The lead actors who appeared on screen in Hercules Returns were well known to local Australian audiences. Bruce Spence has been one of the country's most prominent stage and screen actors since the early 1970s. Mary Coustas was a member of the popular "Wogs Out of Work" team, where she created her Greek-Australian character "Effie", and she co-starred in the popular TV sitcom Acropolis Now. David Argue was well known from his many live comedy, TV and film appearances. Director David Parker has had a long association with writer-director Nadia Tass and they have collaborated on many popular films including Malcolm. Hercules Returns is also notable as the last screen credit for veteran actor Frank Thring (who performed the voice of Zeus) and there are also cameo appearances by Australian film critics David Stratton, Margaret Pomeranz and Ivan Hutchinson.

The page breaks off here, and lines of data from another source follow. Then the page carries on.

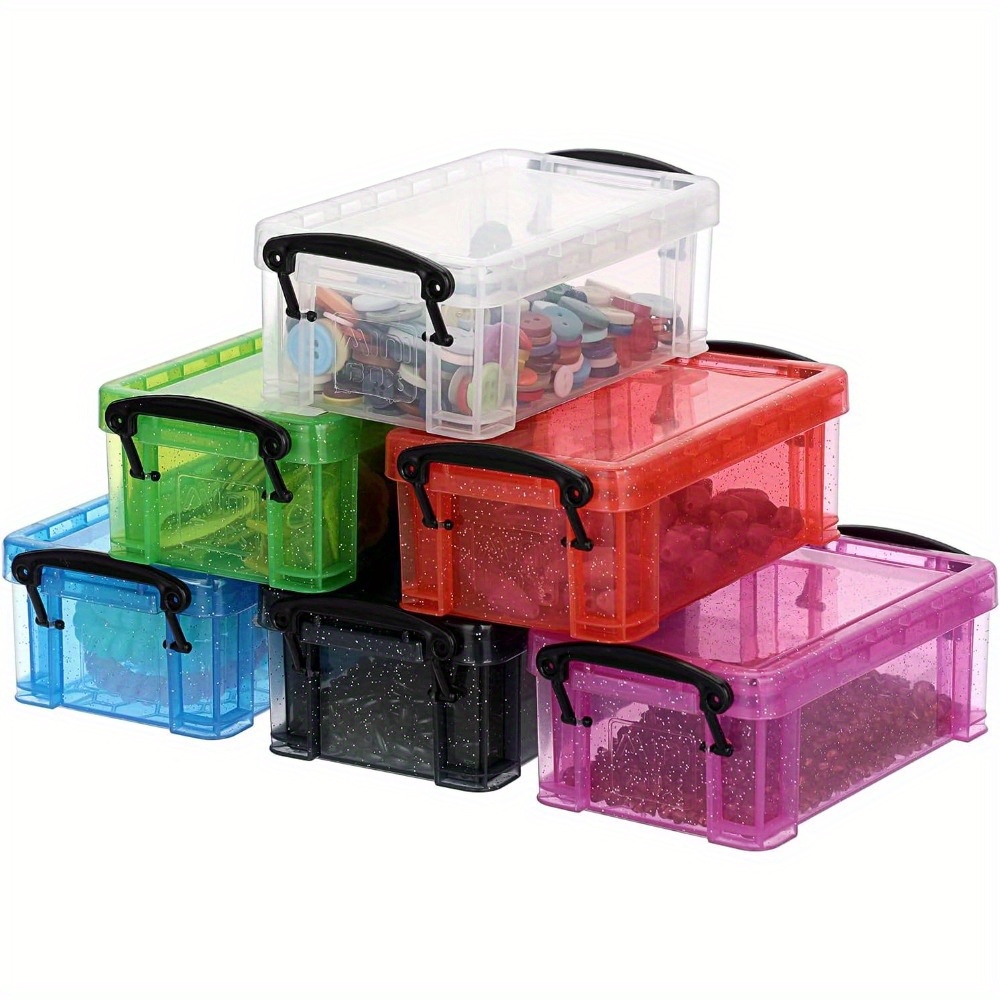 6pcs, 6 Colors Mini Small Plastic Storage Box, Transparent Storage Box With  Locking Lid, Plastic Organizer Container Box, Suitable For Crafts, Station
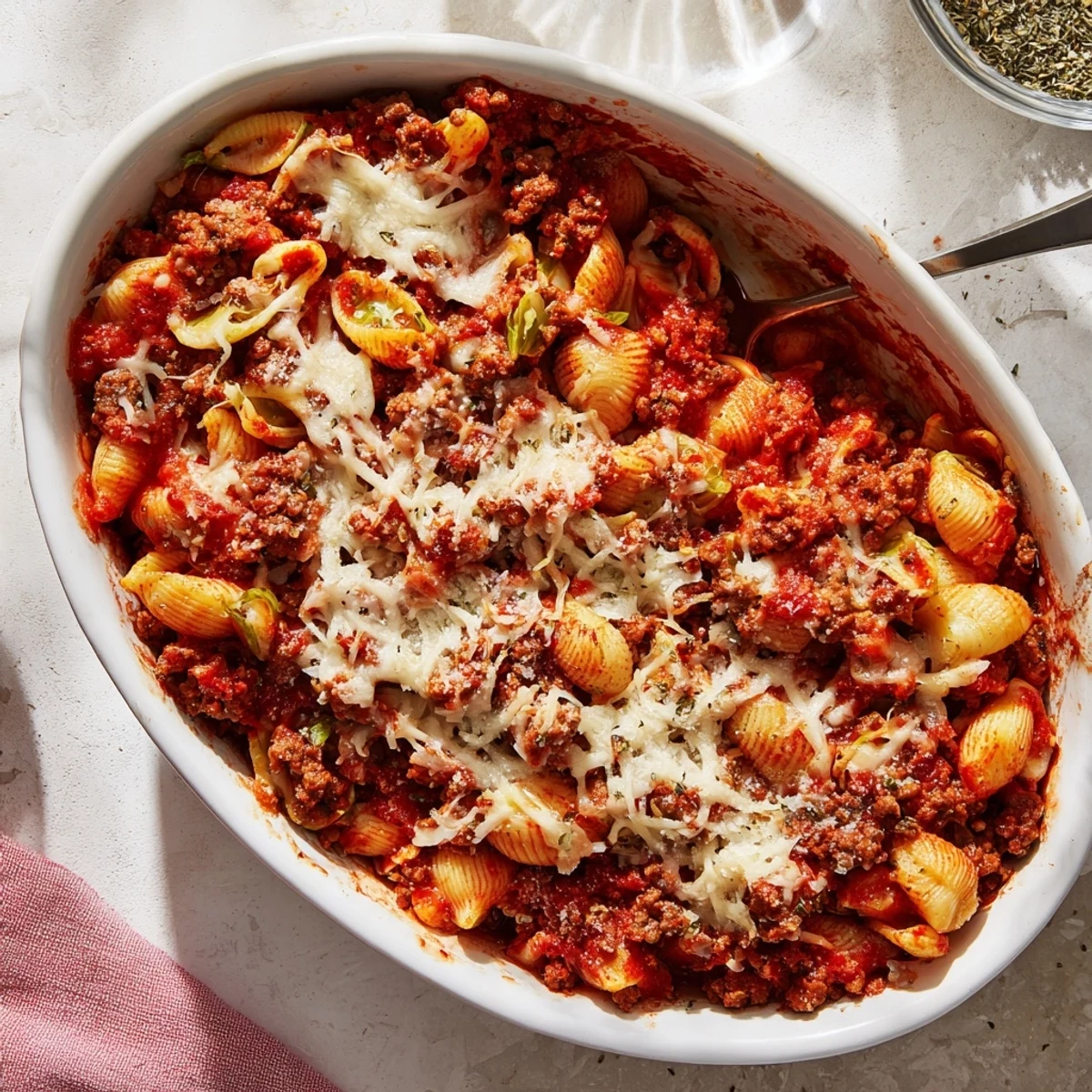 Cabbage roll pasta bake with golden melted mozzarella over beef and tender cabbage layers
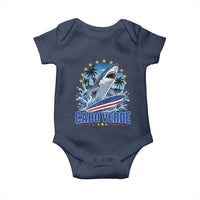 Cabo Verde Surfing Blue Shark Surfboard Baby Onesie Cape Verde Flag Tropical Ocean Wave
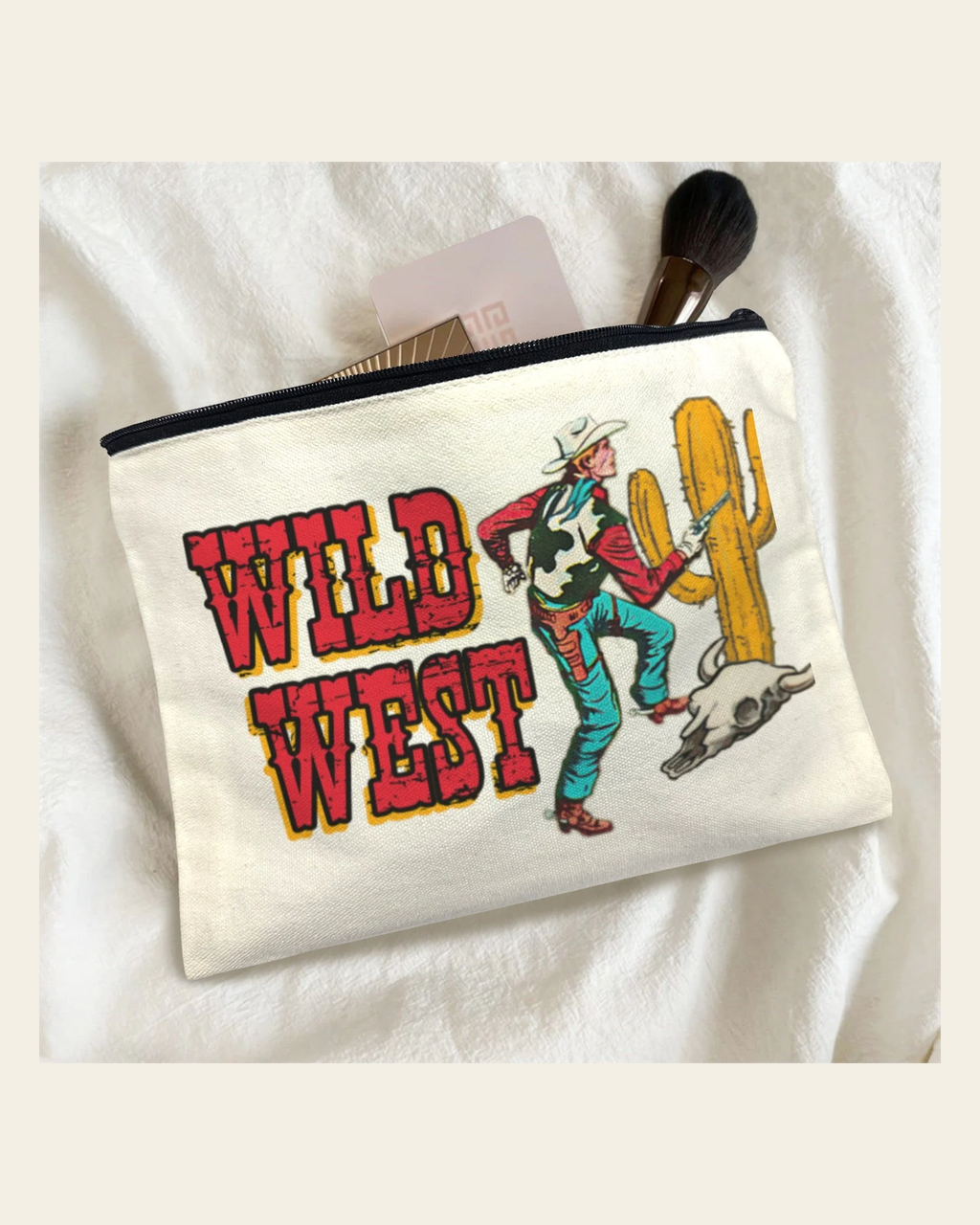 Baha Ranch Wild West Cowboy Cosmetic Bag Pack of 5 Made in America on a warm cream background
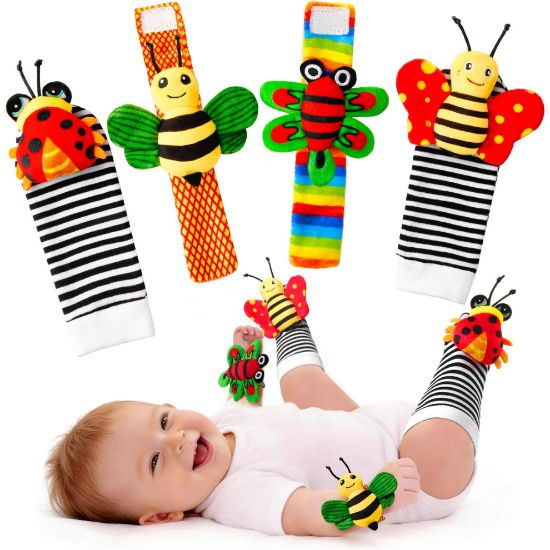 Picture of Baby Toys 0-6 Months: Baby Rattles 0-6 Months Infant Toys Baby Wrist Rattle Socks for 6-12 Month Baby Boy Girl Gifts Easter Basket Stuffers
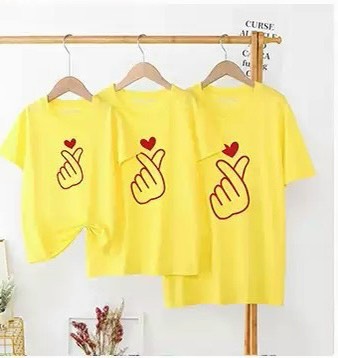 Áo thun gia đình 3/4/5 người, Áo đồng phục gia đình búng tim dễ thương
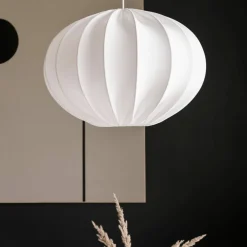 Taklampa, oval boll, bomull, vit, 40 cm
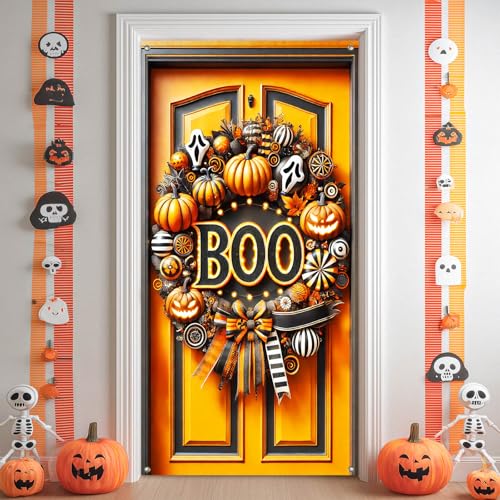 Halloween Door Banner Boo Pumpkin 35x71 Inch Polyester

Ironically, the 'real' stars of the film, Des Mangan and Sally Patience, do not appear on screen in the movie and their voice-overs are instead mimed by Argue, Spence and Coustas. When revoiced for the sound track for the film The voice over artists Included argue who provided Diolouge for a character. Mathew king voiced Frank thring, several other characters, and another voice over artist; assorted characters .
Des mangan had originally written the Screen play for he and Patience. But after being auditioned by parker, It was recast with actors.

== Other screen appearances ==
Sally Patience has appeared in a number of other screen roles including as a backing singer in the Australian film Billy's Holiday and in the television drama Dog's Head Bay as Dimity Todd.

== Current work ==
Sally Patience has since become one of Australia's best known voice-over artists and she regularly works on major national and local advertising campaigns.